Supplied records START
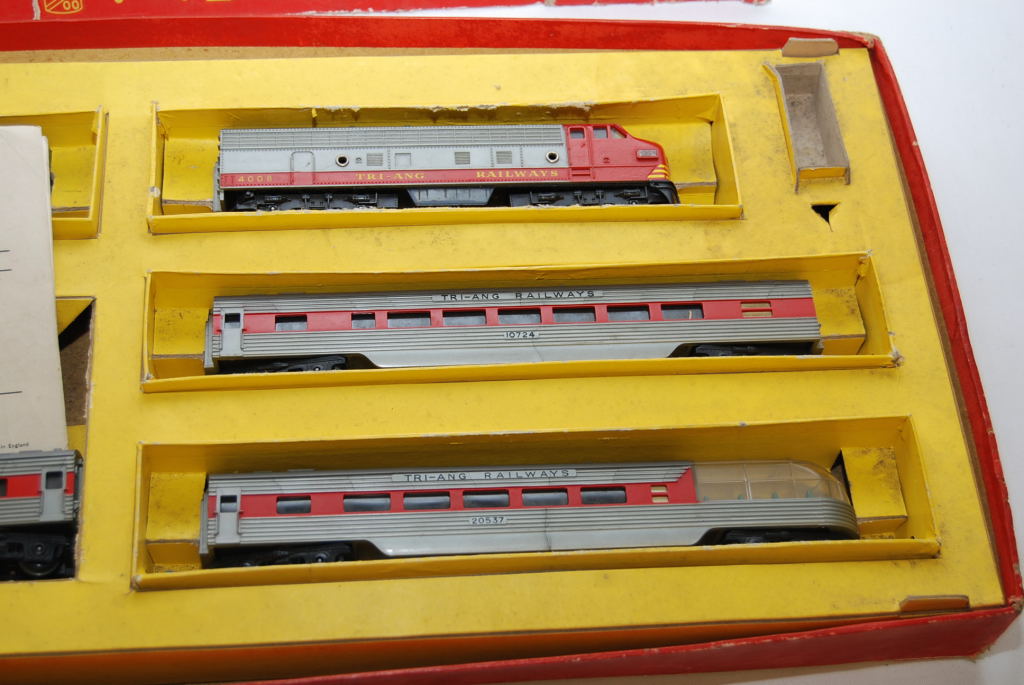 THREE HORNBY OO GAUGE MODEL RAILWAYS PAR - Image 11 of 11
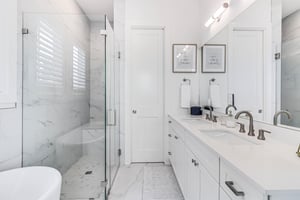 Primary King Private Bathroom, 1st Floor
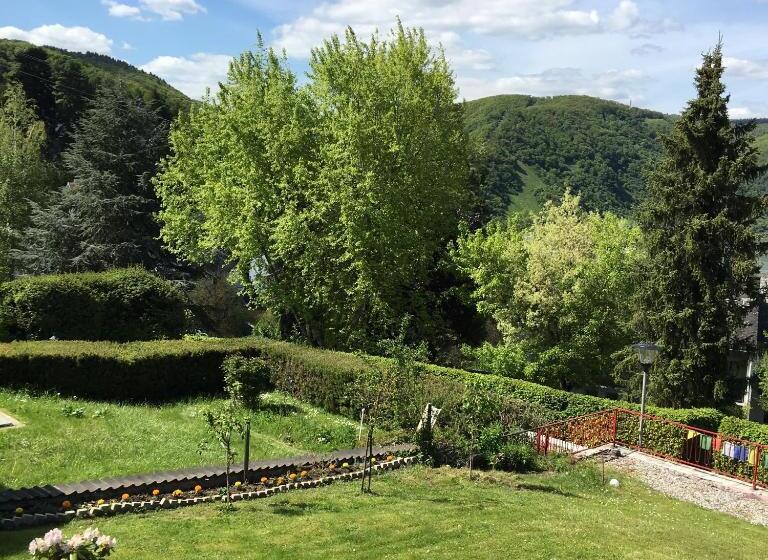 هتل Haus Adams   Das Wohlfühl Gästehaus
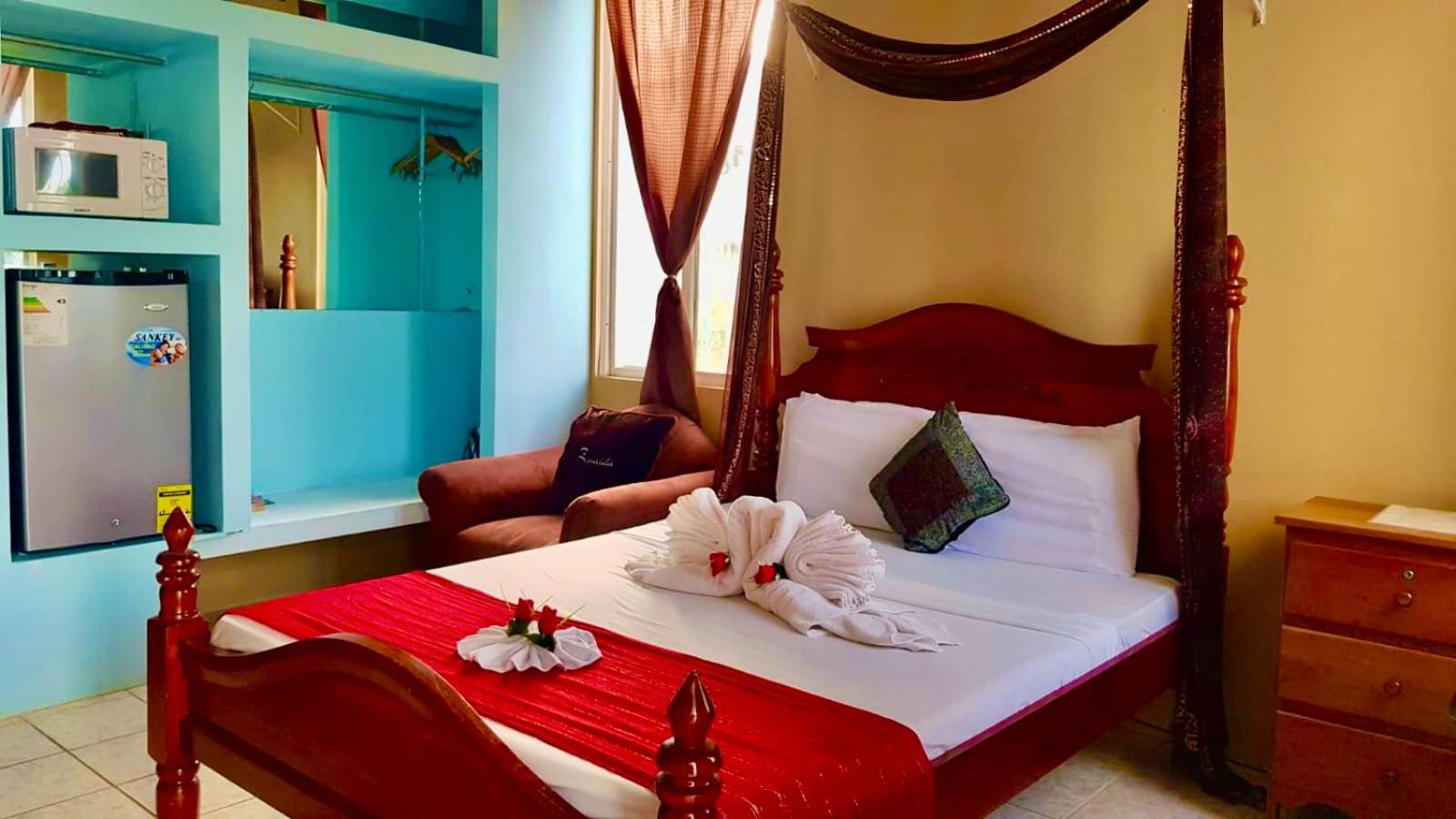See Belize TRANQUIL Sea View Studio with Balcony & Infinity Pool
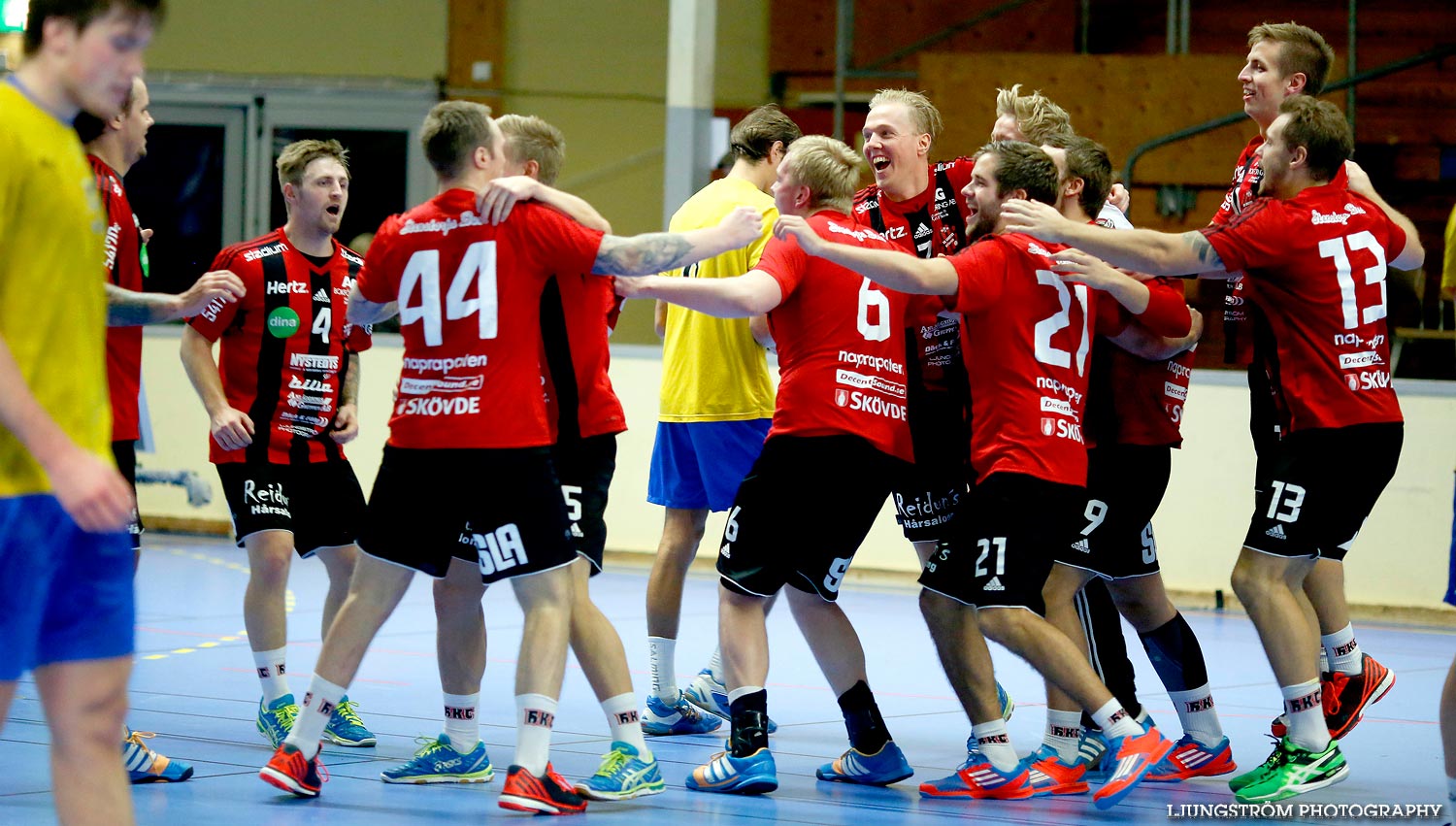 HK Country-HK Cliff 28-24,herr,Skövde Idrottshall,Skövde,Sverige,Handboll,,2014,97296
Supplied records END
What to produce: Repeat the records above word for word. Pictures stay out of the copy.

Expected answer:
 THREE HORNBY OO GAUGE MODEL RAILWAYS PAR - Image 11 of 11
 Primary King Private Bathroom, 1st Floor
 هتل Haus Adams   Das Wohlfühl Gästehaus
See Belize TRANQUIL Sea View Studio with Balcony & Infinity Pool
 HK Country-HK Cliff 28-24,herr,Skövde Idrottshall,Skövde,Sverige,Handboll,,2014,97296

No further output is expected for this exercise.